I was recently in Saint Petersburg, Russia visiting Peterhof Palace, which is Peter the Great’s summer home.
While walking around the grounds I saw this line of trees that caught my attention. They were still bare from winter and had been neatly trimmed to look like giant lollipops. They caught my fancy and I took about an hour to photograph them from every conceivable angle and composition…except one.
As I was leaving I took one shot on my iPhone to email family and to put in our scrapbook. This iPhone shot was different from the other images I took with my Canon, it was a wide angle shot of all the trees.
When I got home and reviewed the images, I was disappointed because there wasn’t a single one that I liked. But then I remembered the iPhone image…
This is the original iPhone color shot and as you can see, the trees are just a small part of the image. I never imagined that an iPhone image, and one with the subject this small, could ever be made into a decent image. But just for the fun of it, I opened it in Photoshop and processed it.

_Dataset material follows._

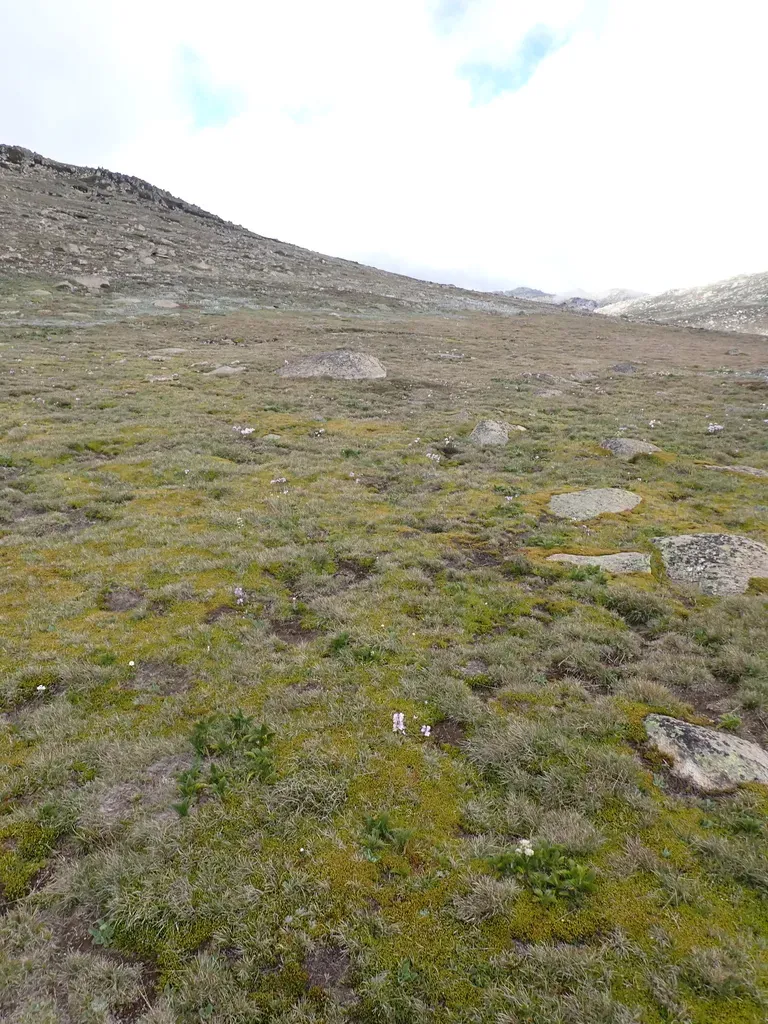 Argyrotegium Nitidulum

First I converted to a 16 bit image and into black and white.
Then using curves, I adjusted the image to appear as a silhouette.
I cropped it into a pano.
And removed the people from the scene (it just felt better without them).
Finally I burned down the sky for this resulting simple image.

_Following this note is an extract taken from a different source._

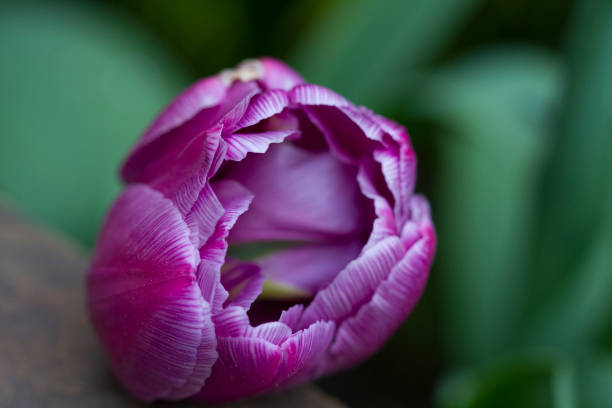 istock Beautiful blossoming tulips in the garden 1254601019
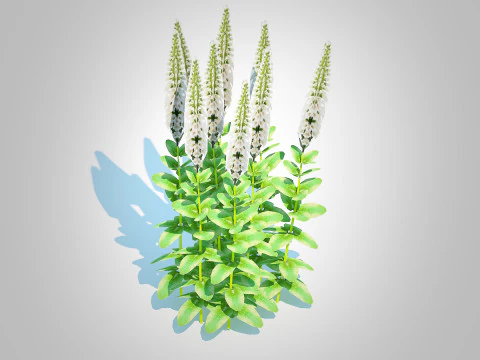 Digitalis purpurea - Common Foxglove white 3D Model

Because the image was created with a relatively low resolution iPhone, I was worried how it would look when printed. But because it looked good on the screen, I made a 15 inch wide test print and it looked great! I was very impressed with how good an iPhone image could look at this size.

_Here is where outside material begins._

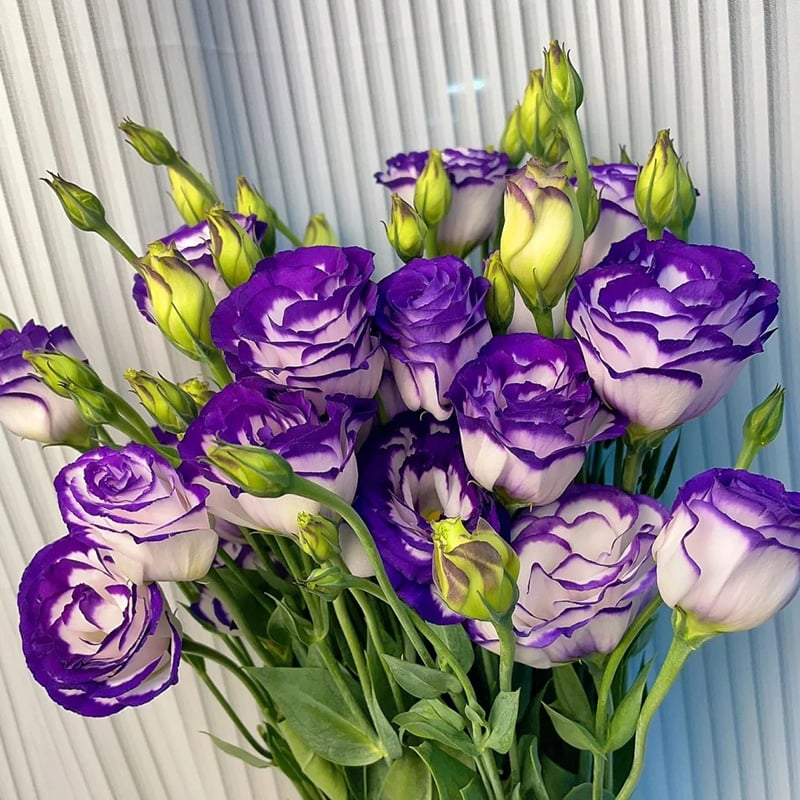 Eustoma Doornloze Rozen Zaden (100 stuks) 💐Lisianthus-zaden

Here are a few thoughts I had about this experience:
It reinforced my belief that you don’t need the best equipment to create great images. Sure, we’d all prefer to have the best equipment, but there are other ingredients that are much more important.
When you find a great shot, shoot every conceivable angle, composition and exposure. I know some people that believe you should take your time, carefully consider the composition and then take only one shot…but I personally don’t want to travel halfway around the world only to discover that my one shot missed the mark! My approach is to take many shots and reduce the chance of coming home empty handed.
Vision works best when it directs the shot and the processing. However in this case my vision missed the shot but was able to make up for it later during processing. Vision, no matter when it occurs, is a good thing.
While I’m not planning on pursuing iPhoneography, I sure am grateful that I had this one iPhone shot!